In assessing a motion to transfer under 28 U.S.C. § 1404(a), a district court conducts a “two-step analysis.” Care One, LLC v. Nat’l Lab. Rels. Bd., 680 F. Supp. 3d 540, 544 (D.N.J. 2023). “First, the [c]ourt determines whether the requested transferee venue is one where the action ‘might have been brought.’” Id. (citation omitted). This inquiry turns on whether venue is proper in the transferee district and whether the transferee court has personal jurisdiction “over all of the defendants.” Shutte v. Armco Steel Corp., 431 F.2d 22, 24 (3d Cir. 1970). Second, if the transferee venue is one where the action might have been brought, the court must determine “whether on balance the litigation would more conveniently proceed and the interests of justice be better served by transfer to [the transferee district].” Care One, 680 F. Supp. 3d at 544. (citation omitted). During the second step, a district court must evaluate both the convenience of the parties and various public interest considerations. Def. Distributed v. Att’y Gen. of N.J., 167 F.4th 65, 75 (3d Cir. 2026). To properly conduct this inquiry, a district court must balance a prescribed set of
private and public interest factors, though the balancing of these factors is in the district court’s discretion. Id. (citing Jumara v. State Farm Ins. Co., 55 F.3d 873, 879–80 (3d Cir. 1995)); see also Stewart Org., Inc. v. Ricoh Corp., 487 U.S. 22, 29 (1988) (“Section 1404(a) is intended to place discretion in the district court to adjudicate motions for transfer according to an ‘individualized, case-by-case consideration of convenience and fairness.’” (citation omitted)). “The private interest factors to be considered include: (1) the plaintiff’s forum preference as manifested in the original choice, (2) the defendant’s preference, (3) whether the claim arose elsewhere, (4) the convenience of the parties as indicated by their relative physical and financial condition, (5) the convenience of the witnesses—‘but only to the extent that the witnesses may
actually be unavailable for trial in one of the fora,’ (6) the location of books and records, and (7) ‘practical problems that make trial of a case easy, expeditious, and inexpensive.’” Byrne v.

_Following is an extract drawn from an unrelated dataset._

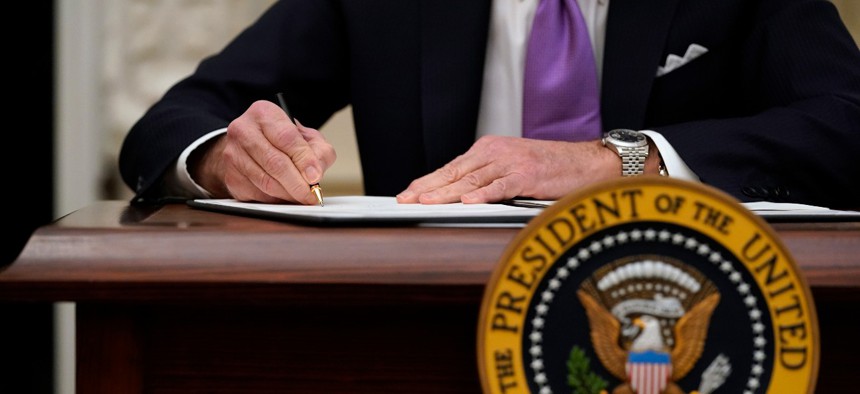 President Biden has signed a flurry of executive orders since taking office. Above, he signs executive orders after speaking about the coronavirus in the State Dinning Room of the White House, Thursday, Jan. 21, 2021, in Washington.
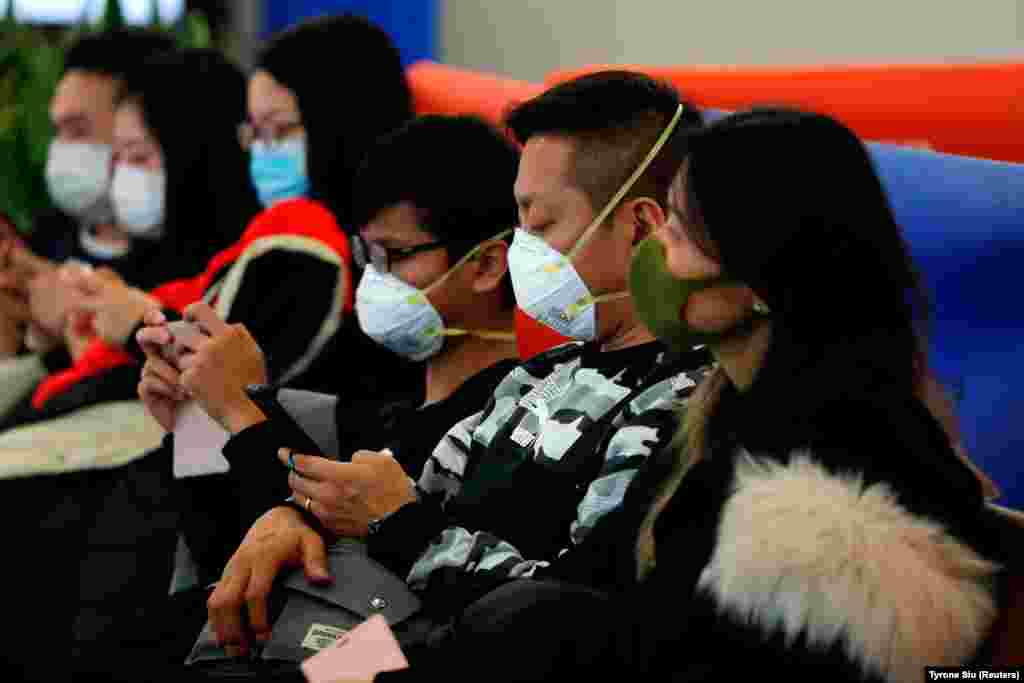 Passengers wear masks to prevent an outbreak of a new coronavirus at the Hong Kong West Kowloon High Speed Train Station, in Hong Kong on January 23, 2020.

Terex USA, LLC, 807 F. Supp. 3d 476, 480 (E.D. Pa. 2025) (citation omitted). And “[t]he public interest factors include: (1) the judgment’s enforceability, (2) the relative administrative difficulty in the two fora resulting from court congestion, (3) the local interest in deciding local controversies at home, (4) the public policies of the fora, (5) the trial judge’s familiarity with the applicable state law in diversity cases, and (6) judicial economy.” Id. at 481. The § 1404(a) movant “bear[s] the burden of demonstrating the need for transfer.” Def. Distributed, 167 F.4th at 75. III. DISCUSSION As explained below, the Court will grant the DHS Defendants’ request to transfer this case to the Eastern District of Michigan and will defer “the merits of the motion[s] to dismiss” to the transferee court.2 Mitek Sys., Inc. v. United Servs. Auto. Ass’n, No. 19-7223, 2020 WL 1922635, at *2 (N.D. Cal. Apr. 21, 2020), aff’d, 34 F.4th 1334 (Fed. Cir. 2022); see Holovchak v. Cuccinelli,
No. 20-210, 2020 WL 4530665, at *5 (E.D. Pa. Aug. 6, 2020) (“Because we find that transfer is warranted, we decline to review Defendants’ other arguments in their Motion as to the viability of Plaintiffs’ claims.”); Gianakis v. Hilton Tucson El Conquistador Golf & Tennis Resort, No. 12- 4268, 2012 WL 5250463, at *1, *4 (D.N.J. Oct. 22, 2012) (granting in part a motion to “dismiss and transfer venue,” transferring the case under § 1404(a), and “declin[ing] to decide any other issues presented in the motion to dismiss, which should be decided by the transferee court”).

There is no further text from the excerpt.